** Opening Information shown block **

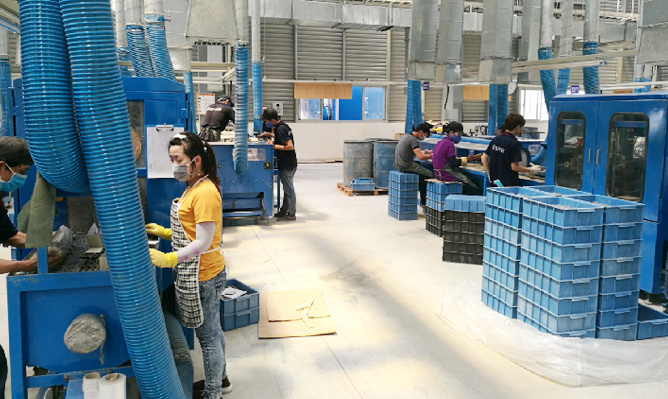 Plate Cutting Plate Cutting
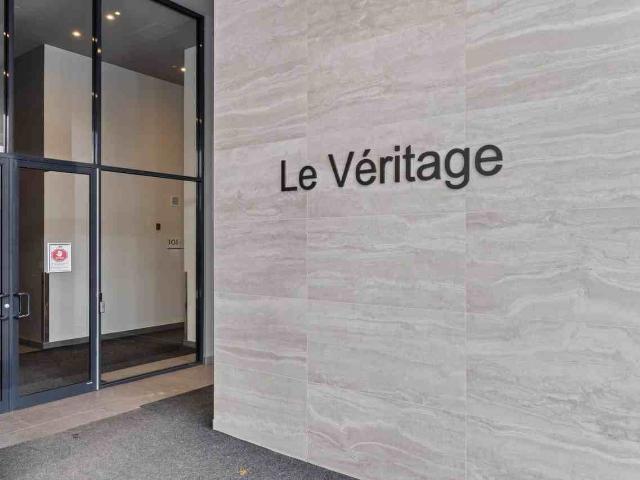 Apartment for rent in St. Leonard's, Quebec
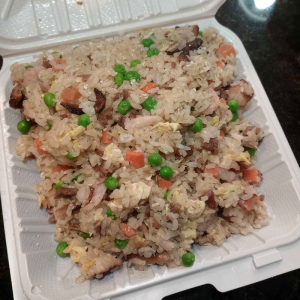 Fried Rice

** Closing Information shown block **

• Instructions to follow: With the images excluded, reproduce the data above precisely as written.

• Result of the task:
 Plate Cutting Plate Cutting
 Apartment for rent in St. Leonard's, Quebec
 Fried Rice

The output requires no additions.